The South Australian Labour Minister Gail Gago reintroduced the Surveillance Devices Bill 2014 on June 5, 2014. It would repeal South Australia’s 1972 Listening and Surveillance Devices Act.

The new Bill includes the following provisions:
• It prohibits the installation, use, and maintenance of surveillance devices – both audio and visual – with few exceptions.
• It prohibits the use, communication, or publishing of information or material derived from the use of surveillance devices in contravention of the Act.
• It imposes tough sentences on individuals and corporations found in violation of these provisions, with a maximum penalty of 75,000 AUD for a corporation and 15,000 AUD or three years’ imprisonment for an individual.
• It prohibits an individual or corporation from possessing certain surveillance devices and imposes a maximum penalty of 50,000 AUD for a corporation and 10,000 AUD or two years’ imprisonment for an individual.

There are “public interest” grounds for using surveillance devices, but this exemption is severely restricted by the need for a court order before such a device is used.

The implications for animal advocacy were referred to in the Bill’s reintroduction. In her Second Reading speech, Gail Gago noted that the Bill would receive criticism from animal activists seeking to use undercover surveillance, and would be praised by farmers seeking to prohibit this conduct.

South Australia’s attorney-general John Rau says, however, that the proposed Bill is not an ag-gag law and is more focused on an individual’s right to privacy.

“This conversation is being hijacked into an animal protection point,” he told ABC radio.
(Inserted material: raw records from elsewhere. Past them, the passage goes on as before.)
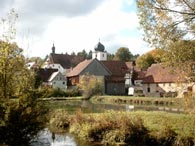 Blick zur Kirche und Mühle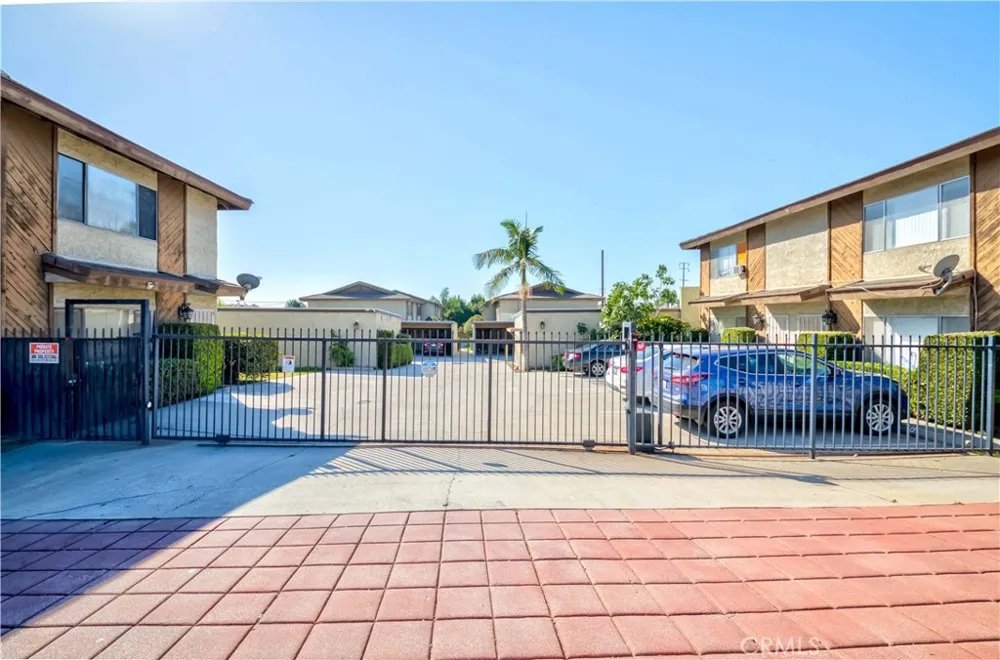 918 Huntington Dr #O Duarte, CA 91010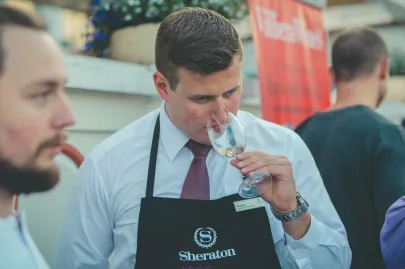 Andrzej Strzelecki - sommelier hotelu Sheraton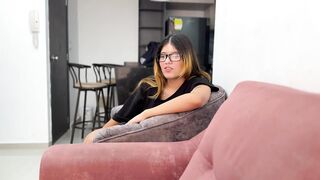 La novia de mi hermanastro me ruega que me la folle rico ya que el no la penetra como yo.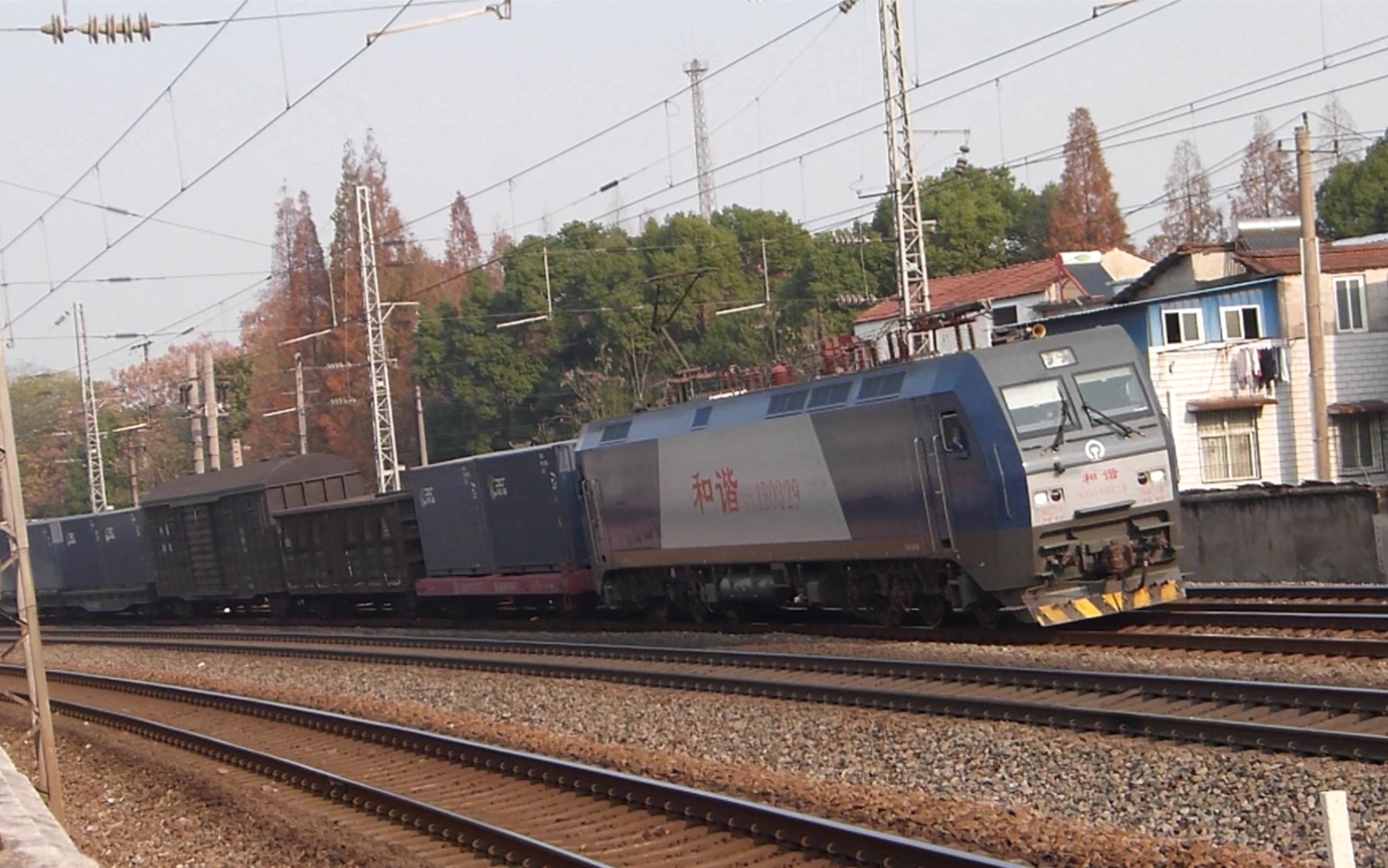 武局江段hxd1b牵引货列通过丹水池站_哔哩哔哩 (b-b)つロ 干杯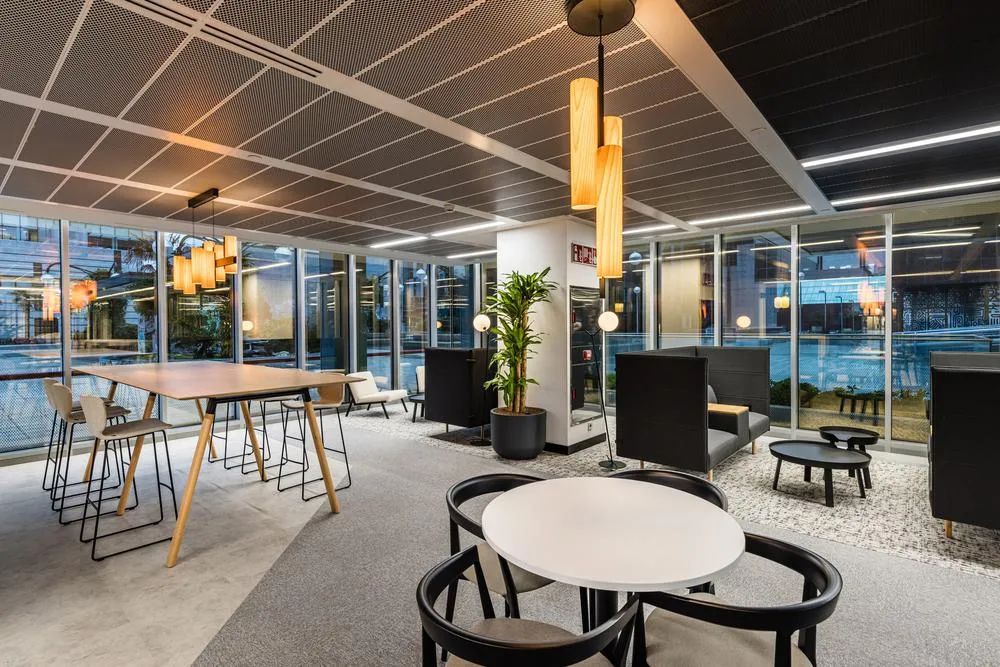 【分享】商務(wù)與時(shí)尚結(jié)合的辦公場所設(shè)計(jì)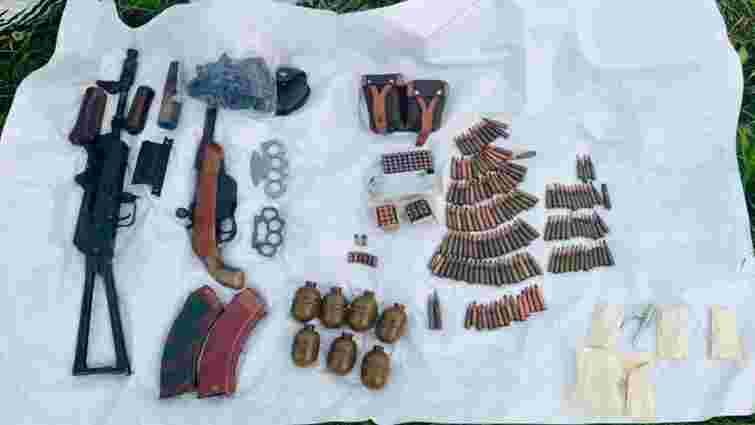 У полі на Прикарпатті поліцейські виявили схованку зі зброєю та вибухівкою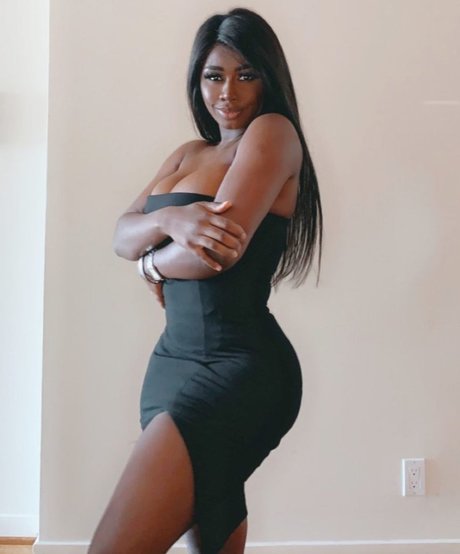 LXRYCC naked model pictures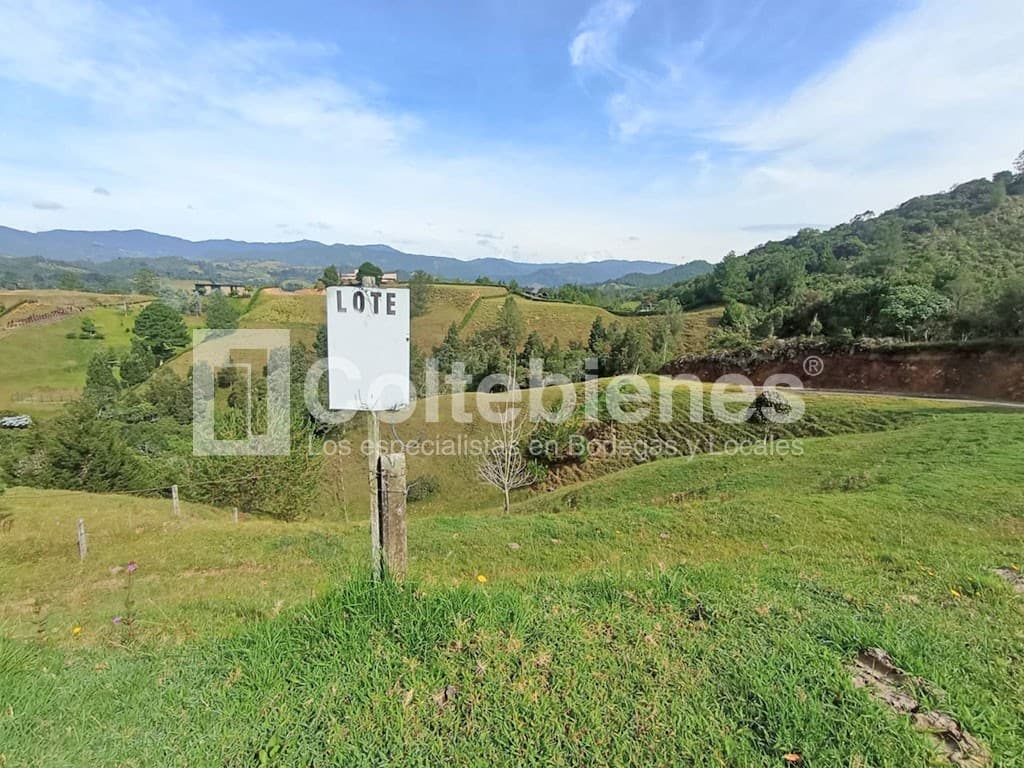 Lote en venta – El Retiro foto 2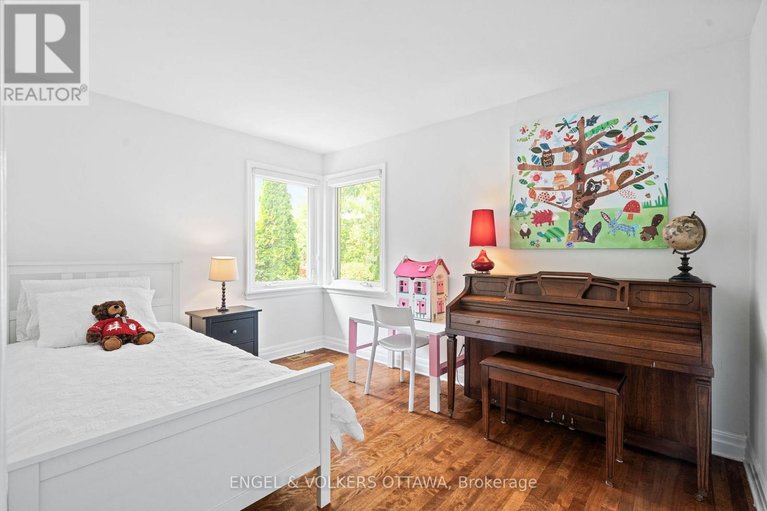 29595152/249-faircrest-road/alta-vistafaircrest-heights/ottawa/ontario/K1H5C9_32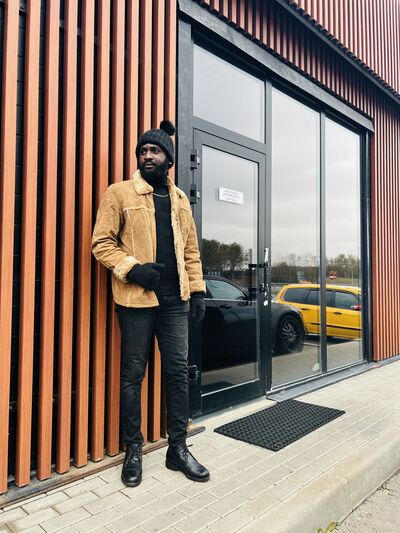 Palais-Bourbon,   , 32 ,   ,   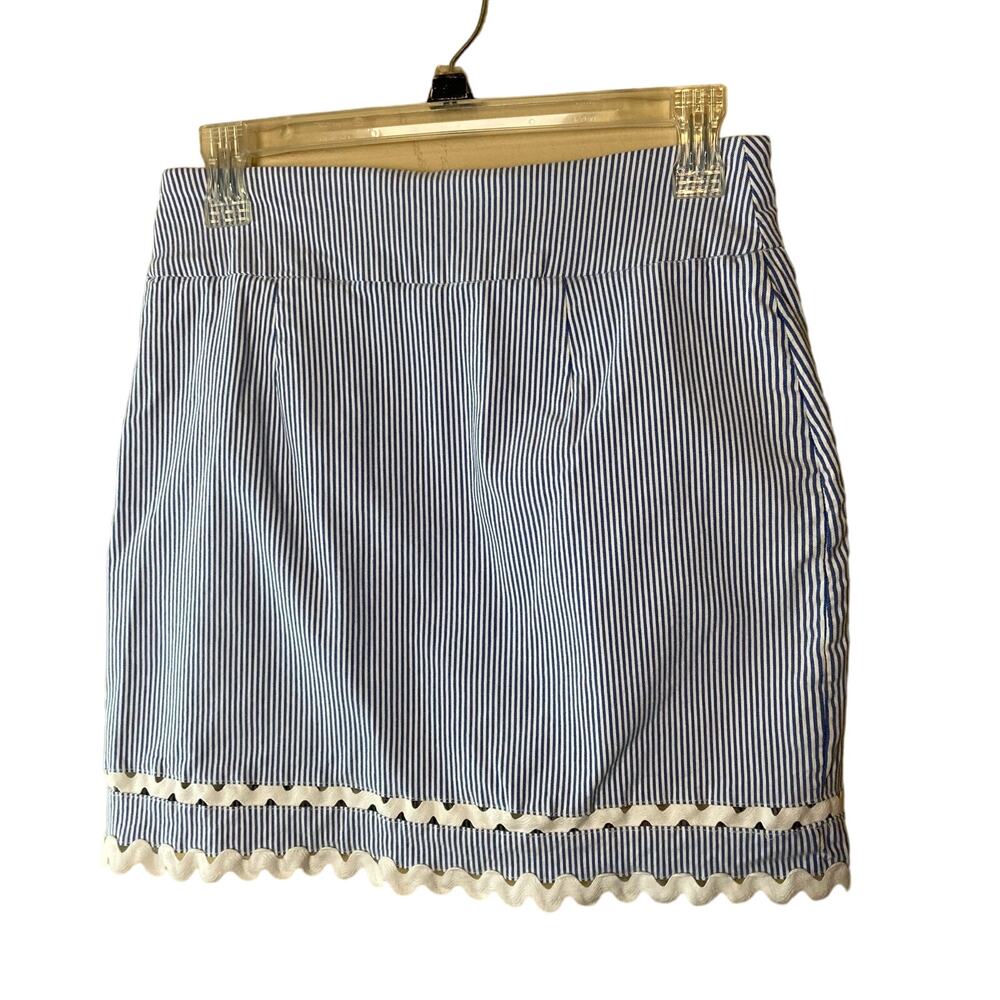 Crown & Ivy Pin Striped Skort with Ribbon Bric Brac Accent Size 4 - Picture 1 of 6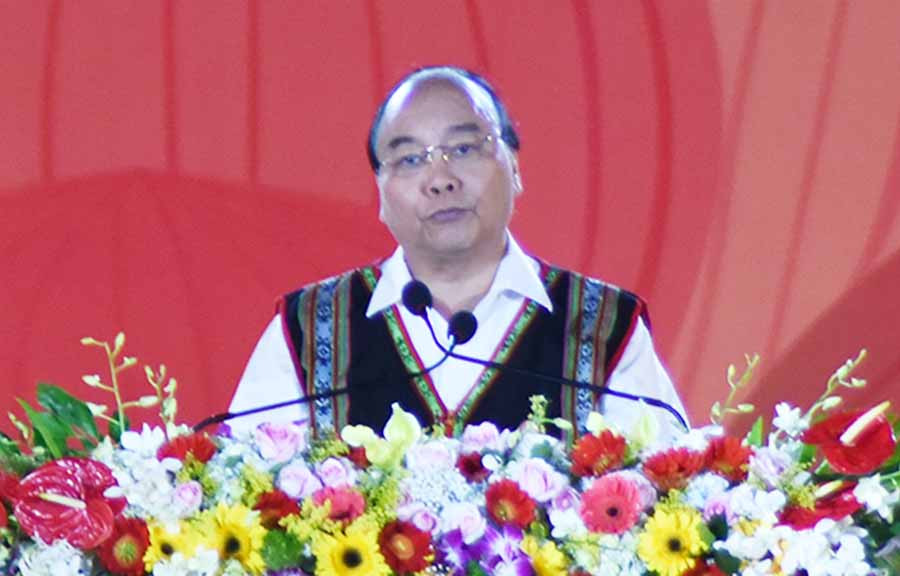 Đồng chí Nguyễn Xuân Phúc-Ủy viên Bộ Chính trị, Thủ tướng Chính phủ Nước Cộng hòa XHCN Việt Nam phát biểu. Ảnh: Đ.T Đồng chí Nguyễn Xuân Phúc-Ủy viên Bộ Chính trị, Thủ tướng Chính phủ Nước Cộng hòa XHCN Việt Nam phát biểu. Ảnh: Đ.T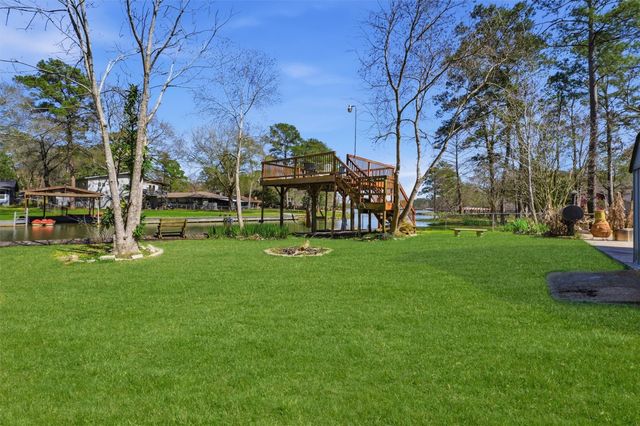 13392 Southshore Drive, Conroe, TX 77304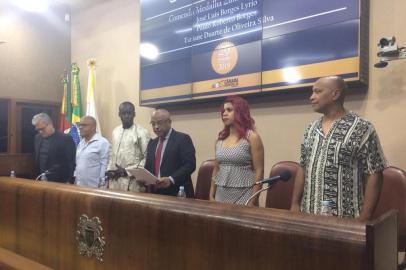 Foram homenageados na noite de ontem os agraciados deste ano com a Comenda Zumbi dos Palmares. A cerimônia ocorreu no plenário da Câmara de Vereadores de Caxias do Sul, no Dia da Consciência Negra. A honraria é concedida anualmente pelo Poder Legislativo do município a pessoas de todas as etnias que se destacam na luta contra a desigualdade e o racismo. A comenda existe desde 2005, em uma iniciativa do vereador Edson da Rosa, primeiro legislador negro eleito na cidade. Nesta edição foram homenageados: José Luis Borges Lyrio, militante na causa da comunidade negra e na luta contra o racismo; Paulo Roberto Borges, participante do movimento comunitário e ex-conselheiro tutelar; e Tatiane Duarte de Oliveira da Silva, coordenadora adjunta do Instituto Afro Origem e integrante da diretoria de etnias da União de Associações de Bairros (UAB). O ato de ontem também agraciou com o Prêmio Caxias o senegalês Abdou Lahat Ndiaye (Billie), fundador da Associação dos Imigrantes Senegaleses.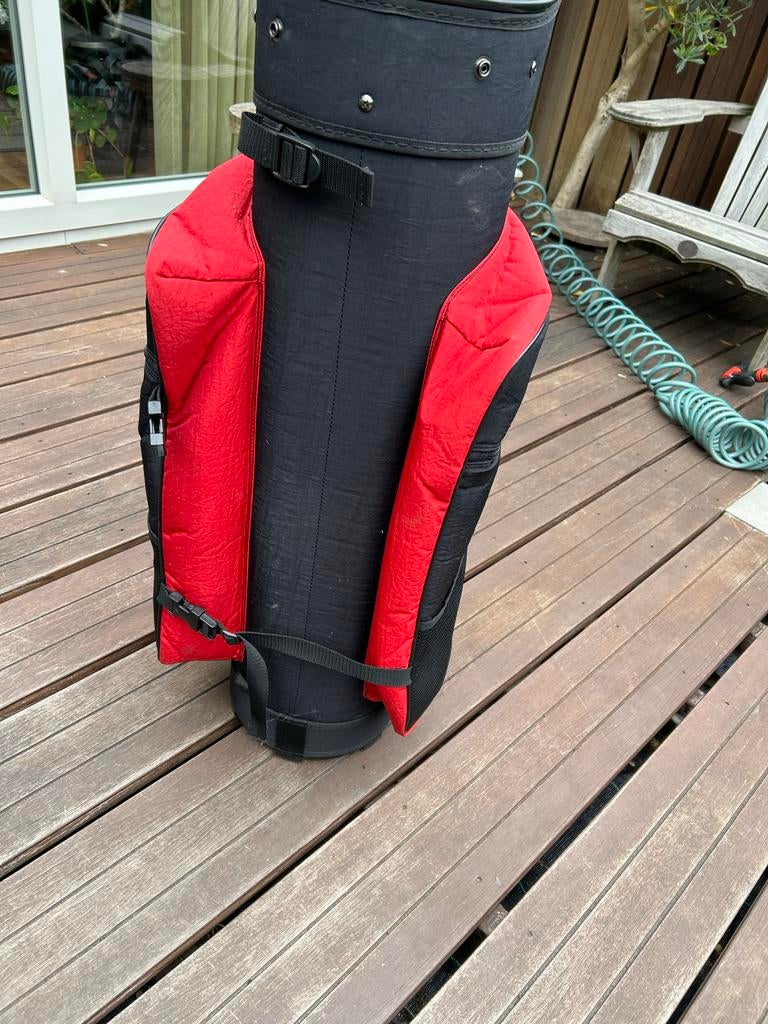 Golf Standbag - Zwart/Rood, Sport en Fitness, Golf, Ophalen, Zo goed als nieuw, Tas, Overige merken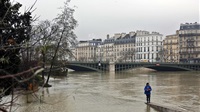 Paris bans drinking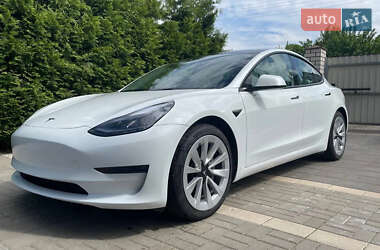 Седан Tesla Model 3 2021 в 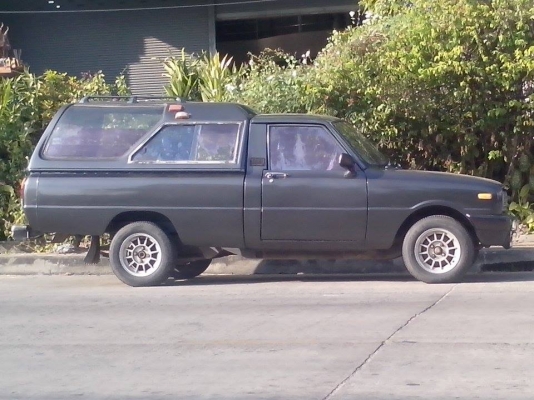 ขายรถ mazda FAMILIA 1300 ประหยัดมากๆถ่ายน้ำมันเครื่อง หัวเทียน ปั๊มติก ล้างคาร์บู กรอง พึ่งเปลี่ยน เครื่องดี สตาท ที่เดียวติด ช่วงล่างโอเค ไม่มีแอร กับ วิทยุ นะครับ ราคานี้ถุกครับผม รถอยู่อุบล นะครับ ขับกลับได้เลย ราคาคุยกันได้ ขายเพราะไม่ค่อยได้ใช้ครับ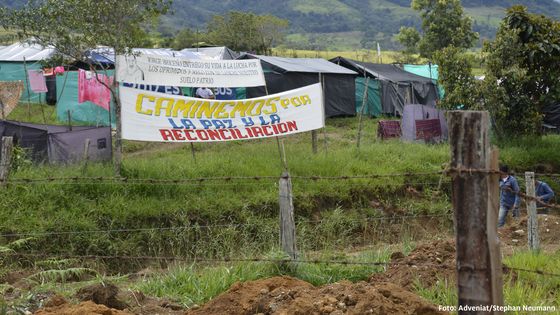 Ein Banner an einem Camp, wo die Farc-Guerilleros entwaffnet werden. "Wir gehen durch den Frieden und Versöhnung" - der Spruch verspricht eine friedliche Zukunft.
The Bill, he said, was about protecting people from bugging; from being secretly filmed in their own backyards. It would be for a court to decide if a recording was in the public interest, he added, and publishing a video on the Internet in contravention of the Act would be punishable.

“It is explicitly said in this legislation that if these recordings are handed on to law enforcement authorities for the purposes of prosecution, that it totally protected. So the suggestion that people who are engaged in animal cruelty will not be prosecuted as a result of this is completely wrong.”

The industrial and political lobby

Farmers and the pork industry have been calling for harsher penalties for activists who illegally enter farms, and they have some powerful political allies.

Australia’s Federal Agriculture Minister, Senator Barnaby Joyce, recently announced a co-ordinated national effort to crack down on animal activists gathering and publicising footage collected on factory farms.

Joyce said farmers needed to be protected from camera-wielding “vigilantes”.

Senator Chris Back in West Australia has proposed ag-gag legislation, and the New South Wales Minister for Primary Industries, Katrina Hodgkinson, has labelled certain animal protection activities as akin to terrorism.

The NSW state is proposing new “biosecurity” legislation that includes much heavier penalties for trespass.

In Victoria, the agriculture minister Peter Walsh confirmed that tough new legislation targeting animal activists would be introduced before the next Victorian state election to better “protect” farmers.

Robert Brown, from the Shooters and Fishers Party, recently gave a speech in the New South Wales Legislative Council denouncing the work of animal activists, and referring specifically to their surveillance activities. He called for tougher laws to regulate the use of drones, which are used by activists to monitor agricultural facilities, check on the welfare of cattle in feedlots, and verify the animal welfare claims of “free-range” farms.

The West Australian Labour Senator Glenn Sterle also backs the introduction of ag-gag laws. He said he wanted to see evidence of deliberate animal cruelty to be handed over to “proper regulators” without extended delays to avoid sensitive issues becoming overtly politicised.

Emmanuel Giuffre says, however, that many Australian politicians would stand against any attempts to introduce ag-gag laws in the country.

Greens party MPs and legislative council members throughout Australia have made clear their opposition to the current proposals.

The Greens’ animal welfare spokeswoman, Senator Lee Rhiannon, said Senator Joyce wanted to punish people who expose cruelty to animals with harsher penalties than the punishments meted out to those who commit the violence.

“Instead of working with farming communities to improve animal welfare, Minister Joyce is trying to hoodwink the Australian people by citing biosecurity as a reason to introduce laws protecting perpetrators of animal cruelty.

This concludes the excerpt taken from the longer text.